Yuri juga bekerja sama dengan banyak kafe- kafe. Total ada 10 kafe dari Kebumen, Magelang, Purworejo, Sukoharjo, Semarang dan Yogyakarta. Yuri sendiri mengaku masih mau terus bereksperimen lewat kopi. Dia juga ingin lebih banyak membantu para petani khususnya kopi.

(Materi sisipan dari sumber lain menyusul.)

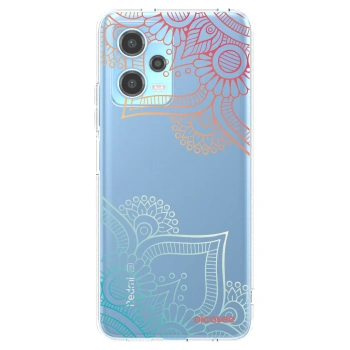 Picasee átlátszó szilikon tok az alábbi mobiltelefonokra Xiaomi Redmi Note 12 5G - Flowers pattern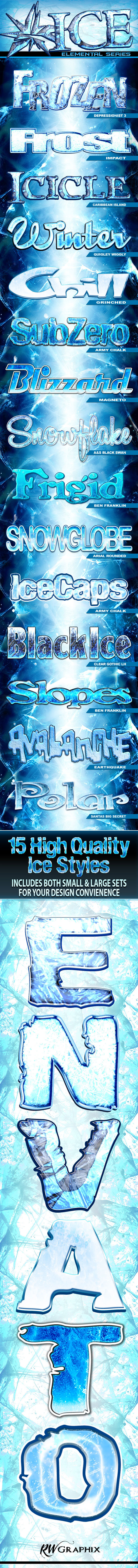 GraphicRiver Elemental ICE Series 1 9669825 GraphicRiver Elemental ICE Series 1 9669825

Impian lain Yuri, adalah tanaman kopi khas pesisir, aneka jenis kopi bisa ditanam di kawasan pantai. Dan ia tidak akan berhenti hanya di Kebumen. Yuri menargetkan pasar ekspor. Sejak 2009, dia memulai usaha, hasilnya mencengangkan contoh satu pohon usia lima tahun menghasilkan 25kg sekalinya panen.

Inovasi kopi


Kopi enak tidak harus mahal. Prinsip inilah mendorong Yuri berkreasi. Hobi eksperimen membawa dia menciptakan suatu alat unik. Yuri menyulap bambu menjadi alat penyaring kopi. Bambu dipotong lantas ia jadikan bak saringan ekspreso. Harga saringan asli ditaksir mencapai Rp.4 sampai Rp.50 juta rupiah.

Nah, kalau kopi sudah kena alat, maka harganya kopi ekspreso mencapai Rp.20 ribu- 50 ribu. Ia mencoba merubah paradigma tentang kopi ekspreso. Ia menawarkan kopi standar kafe. Proses pembuatan saringan ekspreso cukup sederhana loh. Bambu dibikin kayak gelas diberi lubang buat menyaring ampas.

Memang buat menyaring butuh waktu lima sampai sepuluh menit. Pria 37 tahun ini mengatakan hasilnya layak disandingkan ekspreso. Tetapi rasanya tidak kalah, bahkan mungkin unik dibanding kopi ekspreso standar. Pembuatan kopi macam ini sejak 2011 silam, dan dia juga menghias alat penyaring tersebut.

Ada pernak- pernik dipinggiran saringan bambu. Juga ditambahi aneka gambar dan diperhalus teksturnya. Ia menyebut agar banyak masyarakat tertarik. Satu paket kopi bambu seharga Rp.60 ribu sudah termasuk satu saset kopi Kebumen hasil tanamnya.

Sebagai mantan pengusaha muda. Yang masih tertahan menekuni bisnisnya. Ia mengaku masih saja sempat dicemooh gila. Butuh waktu dia memperkenalkan kopi bambu lewat workshopnya. Dia bahkan khusus memperkenalkan lewat komunitas. Dan mulai banyak barista Jakarta membeli kopi bambu karya Yuri.

Untuk melindungi hasil karya. Ia mendaftarkan kopi bambunya. Memang soal hak cipta menjadi masalah tersendiri. Balitbang sendiri menawarkan diri. Melakukan pendampingan agar bisnis terlindungi secara intelektual.